Locally, preferential flow affects how much water soils can store, how soils retain nutrients and how chemicals move through soil. It also affects soil’s ability to filter, as well as the stability of the landscape. On this small scale, pathways include root channels, animal burrows, cracks in dry soil and spaces between soil aggregates. On a larger scale, preferential flow affects the entire water cycle—the continuous movement of water among the oceans, air and land. Topography, vegetation and other complexities become important.
Lin’s study addressed some of the technological challenges associated with measuring preferential flow. In particular, the study examined methods to scale up observations from the smallest, basic unit of soil to the larger landscape. Lin says most previous field studies have disturbed the soil and provided one-time results. Techniques that don’t disturb the soil are becoming more popular. These methods provide a big picture, but can miss fine details.
Lin’s group, aided by technology, pursued a novel approach to measuring preferential flow in the Shale Hills Catchment area of central Pennsylvania. Researchers installed soil moisture sensors at various locations—from the surface all the way to the boundary between soil and bedrock. The sensors connect together in a computer-monitored network for periodic, automatic measurements.
An initial study looked at three years of soil moisture data and 175 precipitation events. The current study expands the analysis to 412 events over more than 6.5 years. This allows a broader comparison of seasonal data. It also includes 25 sites beyond the 10 from the original research.
Lin found the unique water patterns depended on small-scale elements. “It was the interplay between landform units and soil types, coupled with initial soil moisture and precipitation features, that determined the initiation and persistence of preferential flow,” he explains.
Lin discovered “hot spots” and “hot moments” in water flow. For example, dry soils toward the top of a slope and wet soils at the bottom showed greater occurrence of preferential flow. South-facing slopes also had more compared to north-facing ones. The valley floor and swales near the stream also had a greater chance of preferential flow occurrence than the middle-of-hill slopes. Intense precipitation also increased preferential flow.
The soil-monitoring network also revealed a hidden flow pattern beneath the soil surface.
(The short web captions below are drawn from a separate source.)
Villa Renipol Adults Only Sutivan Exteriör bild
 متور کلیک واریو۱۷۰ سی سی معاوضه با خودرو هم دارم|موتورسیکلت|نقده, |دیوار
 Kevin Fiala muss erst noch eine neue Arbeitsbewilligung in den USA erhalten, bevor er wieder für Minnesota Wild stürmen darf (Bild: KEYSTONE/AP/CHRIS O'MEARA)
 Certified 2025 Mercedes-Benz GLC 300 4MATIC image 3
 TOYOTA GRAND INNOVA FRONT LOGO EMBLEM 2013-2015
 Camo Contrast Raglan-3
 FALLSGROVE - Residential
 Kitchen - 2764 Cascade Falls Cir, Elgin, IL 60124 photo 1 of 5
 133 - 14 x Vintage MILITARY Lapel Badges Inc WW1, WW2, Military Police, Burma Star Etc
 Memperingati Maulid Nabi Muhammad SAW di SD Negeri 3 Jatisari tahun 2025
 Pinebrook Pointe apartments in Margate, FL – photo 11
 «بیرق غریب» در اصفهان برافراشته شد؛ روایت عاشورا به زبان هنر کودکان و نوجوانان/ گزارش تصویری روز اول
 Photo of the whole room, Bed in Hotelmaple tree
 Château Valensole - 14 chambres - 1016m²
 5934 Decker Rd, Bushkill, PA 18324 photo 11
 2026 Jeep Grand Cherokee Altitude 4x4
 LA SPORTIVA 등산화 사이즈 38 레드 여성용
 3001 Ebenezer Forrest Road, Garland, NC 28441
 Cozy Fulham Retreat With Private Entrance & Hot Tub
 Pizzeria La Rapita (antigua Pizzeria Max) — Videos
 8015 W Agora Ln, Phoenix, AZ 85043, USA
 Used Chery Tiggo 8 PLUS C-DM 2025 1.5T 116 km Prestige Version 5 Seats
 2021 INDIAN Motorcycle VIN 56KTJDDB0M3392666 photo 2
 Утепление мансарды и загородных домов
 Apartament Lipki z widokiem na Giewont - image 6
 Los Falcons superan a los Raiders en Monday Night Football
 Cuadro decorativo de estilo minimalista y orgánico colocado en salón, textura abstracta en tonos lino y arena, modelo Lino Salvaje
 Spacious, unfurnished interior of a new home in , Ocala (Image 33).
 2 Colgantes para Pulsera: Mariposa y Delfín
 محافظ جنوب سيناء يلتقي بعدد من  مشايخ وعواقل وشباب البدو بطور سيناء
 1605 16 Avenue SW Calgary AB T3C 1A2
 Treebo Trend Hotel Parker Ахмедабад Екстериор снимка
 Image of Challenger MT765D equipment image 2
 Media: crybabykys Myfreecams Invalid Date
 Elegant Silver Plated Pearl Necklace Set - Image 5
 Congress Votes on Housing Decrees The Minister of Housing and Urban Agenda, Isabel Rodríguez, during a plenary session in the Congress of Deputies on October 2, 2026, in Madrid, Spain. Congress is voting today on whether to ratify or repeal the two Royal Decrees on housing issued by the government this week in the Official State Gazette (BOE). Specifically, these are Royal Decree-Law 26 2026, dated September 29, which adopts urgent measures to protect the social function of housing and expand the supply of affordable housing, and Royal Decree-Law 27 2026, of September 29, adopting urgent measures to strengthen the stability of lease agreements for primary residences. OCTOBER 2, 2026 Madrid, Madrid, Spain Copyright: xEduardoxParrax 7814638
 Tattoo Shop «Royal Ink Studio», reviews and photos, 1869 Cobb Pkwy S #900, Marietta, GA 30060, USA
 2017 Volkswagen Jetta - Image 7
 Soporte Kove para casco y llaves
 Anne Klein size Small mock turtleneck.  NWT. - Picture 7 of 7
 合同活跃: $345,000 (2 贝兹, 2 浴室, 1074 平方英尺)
Lin describes these as both structured and dynamic. “Pathways may be linked via a series of nodes in a network, which may be switched on or off and expand or shrink depending on local soil moisture conditions, rainfall inputs and plant activities,” he says. “With time, these networks may self-organize, thus forming temporally stable pathways.”
Lin describes two areas for future research into preferential flow. First, he says, studies must “go beyond classical, small-scale physics” and provide a meaningful method for scaling up small-scale observations over large areas. Second, researchers must find ways to overcome the challenges associated with measuring and mapping preferential flow as it happens in the landscape.
Lin hopes researchers worldwide will use these techniques. This could contribute to a wider understanding of how water flows across diverse landscapes.